How will the opposition tackle stress?

John
Charlton takes a look at what the Liberal Democrats and the Conservative party
are planning to do to beat workplace stress

Policies
on stress at work may not win the next general election, but it is an issue
that’s rising up the political agenda of the main opposition parties.

Both
the Conservative and Liberal Democratic parties are looking at the issue of
stress at work, and plan to give details of their proposed policies in 2004.
They are likely to be part of their overall policies on health, safety and
productivity strategies.

Conservative
view

“We
certainly take the issue of stress at work very seriously,” says Conservative
trade and industry shadow minister, Tim Yeo. “We have a group of HR experts
working on this and related issues and they will advise us.

“The
party’s policies on this issue are being defined and will develop in 2004 when
details will come out. This is a policy in progress.”

Liberal
Democrat view

The
Liberal Democrats are also formulating policy on the stress issue. Former trade
and industry spokesman Vincent Cable, who became chief treasury spokesman on 12
October, says: “We have sought to make health and safety standards a central
theme. Stress is part of that bigger picture.

“We
have a working group on important legislation and this issue will be considered
by it, and policy will emerge from the working group in time for our Spring
Conference in 2004.”

Neither
would be drawn on any specific policies or ideas they may have for combating
stress at work.
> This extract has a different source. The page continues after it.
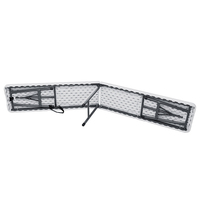 Prix de gros promotionnel rectangulaire 6FT pliant en deux plastique réglable blanc Camping industriel Table de banc de stockage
But both believe it is primarily an issue that should be dealt
with by employers, staff and safety representatives – although Cable says that
union representatives should also be involved.

Employer
role

Neither
party believes that employers should be compelled to develop and adopt
stress-reducing policies.

“I
doubt it’s practical,” says Cable. “It is not sensible in any event to make too
much use of the law and regulation in an area where definition is difficult and
enforcement virtually impossible.”

Targets

Although
the Government has set targets to reduce cases of ill health at work – last
year, it said it wanted 80,000 fewer cases of work-related ill health – neither
of the men believe that setting targets for reducing stress-related absenteeism
is wise.

"I
am sceptical about the value of targets of this kind," says Cable.

Six
months ago, his party investigated levels of stress and absenteeism in
government departments by putting parliamentary questions to the Government.

“Interestingly,”
says Cable, “the treasury was the most ‘stressed-out’ Government department.”

MPs’
stress

Both
parties’ HR departments deal with the issue of stress at work as standard
practice.

But
politicians’ lives can be stressful in the extreme. For example, in January
2000, Cheltenham Liberal Democrat MP Nigel Jones was injured, and local
councillor Andrew Pennington killed, by a sword-wielding constituent.

Long
and unsocial hours are also common causes of stress at work, and these were
long the norm until January 1 this year when parliamentary hours were cut to
make MPs’ working lives more family-friendly.

Stress-busters

But
an MP’s job is one that many know about, and perhaps this is why Cable thinks
they must shoulder the burdens that come their way. "Most MPs and
councillors have a stressful life, but they have chosen it," Cable says.

He
wouldn’t say whether he has his own stress-buster, but Yeo certainly does. He
practices transcendental meditation, and also plays golf off a nine handicap.